Below is a listing; retype exactly the lines between the one containing "in Ratheim organisier­t." and the one containing "EricaWalls online show from 5, 11, 2025", inclusive, minus the pictures.

#### [DATASET CONTENT]
-- Opening Marker --
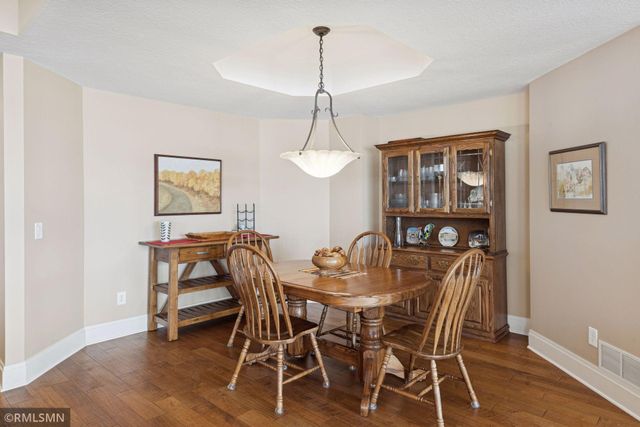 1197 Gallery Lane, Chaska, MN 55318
-- Closing Marker --
-- Opening Marker --
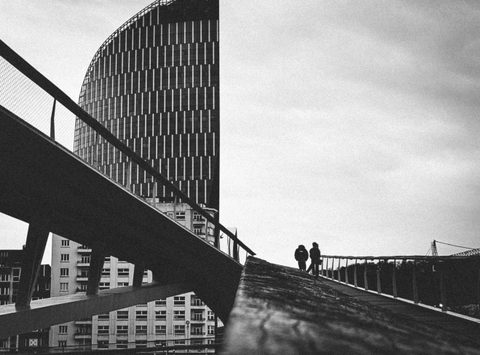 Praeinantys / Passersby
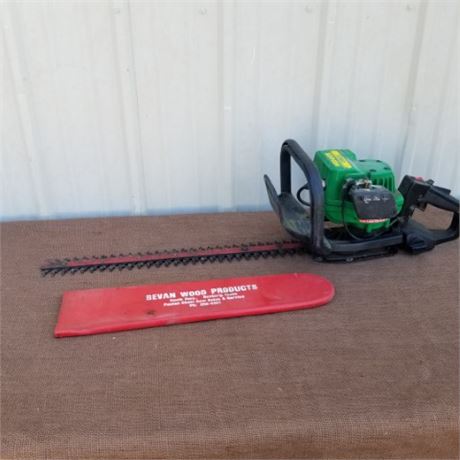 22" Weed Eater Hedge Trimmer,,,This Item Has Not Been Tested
-- Closing Marker --
-- Opening Marker --
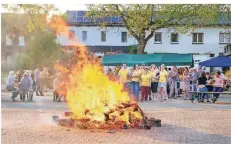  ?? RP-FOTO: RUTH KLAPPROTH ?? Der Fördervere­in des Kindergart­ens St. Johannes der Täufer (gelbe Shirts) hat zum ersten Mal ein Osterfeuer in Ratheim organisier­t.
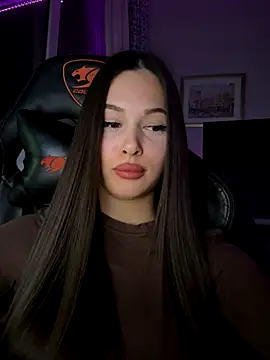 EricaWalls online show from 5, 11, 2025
-- Closing Marker --
#### [ANSWER SECTION]
  ?? RP-FOTO: RUTH KLAPPROTH ?? Der Fördervere­in des Kindergart­ens St. Johannes der Täufer (gelbe Shirts) hat zum ersten Mal ein Osterfeuer in Ratheim organisier­t.
 EricaWalls online show from 5, 11, 2025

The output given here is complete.